Her elementary school years.



PS 186 Harlem, New York City 1942 6th grade graduation class



How old were you and when did you attend P.S. 186?

Ans. I graduated from PS 186 in June of 1942. I was eleven years old and in the 6th grade when I graduated. I began school in the 1st grade 1936 at PS 186. I never went to kindergarten because I had asthma and was at home sick a lot of the time recuperating. 


Who was the principal? How was he/she?

Ans. The principal I remember was Dr. Bernath. He was a very nice man. He often came to our classrooms and took over a lesson while our teacher observed. He was a master teacher. 


What were your friends like? What things did you do with them?

Ans. My best friend, Catherine English, and I were selected by Dr Bernath in the 6th grade to be his monitor during lunchtime. Catherine and I went all through Elementary, Junior High and High School together. We ate lunch together, studied together and played with cut out dolls. 

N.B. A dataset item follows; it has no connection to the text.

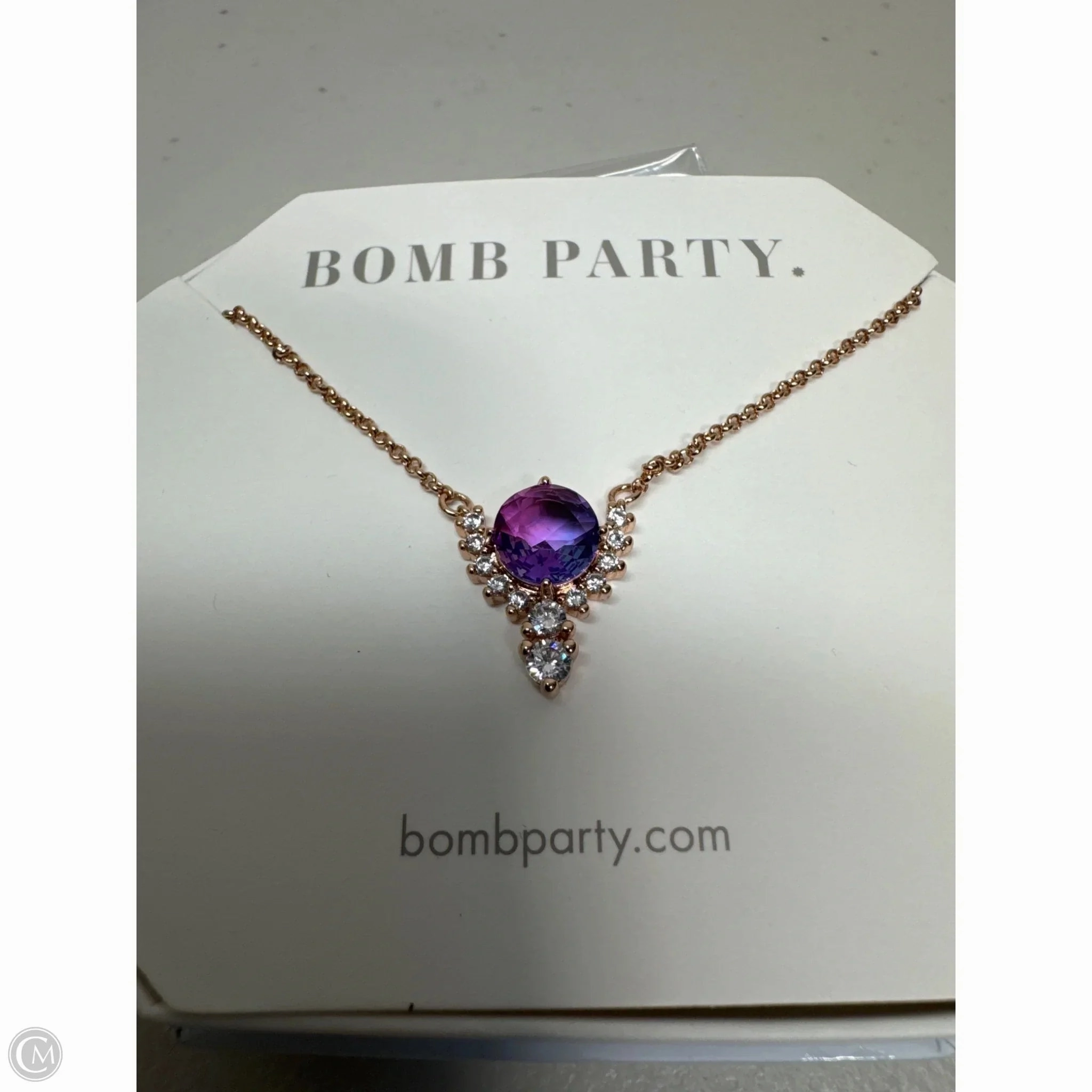 Necklace Chain By Cmb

Who was your favorite and least favorite teacher? Why?

Ans. I don't recall any special attraction to any of my teachers. They were all good teachers in that they taught us. The kids in my classes were really smart and worked hard to keep up. There was simply no excuse for not doing homework or falling behind. The black kids were under pressure to show excellence. It was expected of us at home and in school. Many of my teachers appeared to be personally intolerant toward black kids and showed very obvious differential treatment. But they expected all of us to excel with our work. Which was all we learned to expect from them. 

 

What race were the teachers?

Ans. The teachers were all white and mostly Irish Catholic. They were probably 1st generation immigrants. They were keen on telling us African American kids to get a good education or don’t complain about being held back later in life.   

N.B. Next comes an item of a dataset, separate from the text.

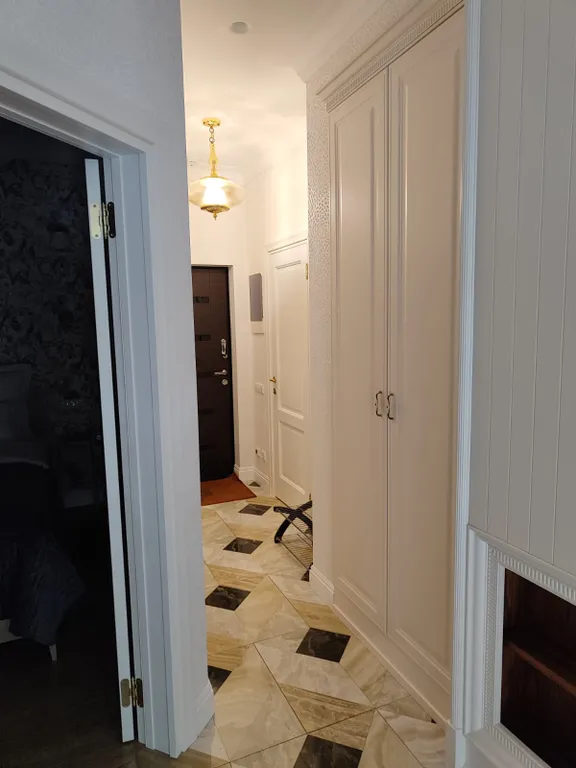 Квартира в ЖК Приморский парк хаус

What races were the students?

Ans. The students were immigrants from Cuba, Puerto Rico and Germany. We were cautioned to be welcoming to the Jewish children from Germany who had escaped Hitler's wrath. Graduation ceremonies in 1942 were suspended for fear that there would be an "air raid" during the ceremonies and the parents would be ill prepared to cope with the procedures we had for taking cover.


Were the teachers racist in any way towards you or any of the minority kids?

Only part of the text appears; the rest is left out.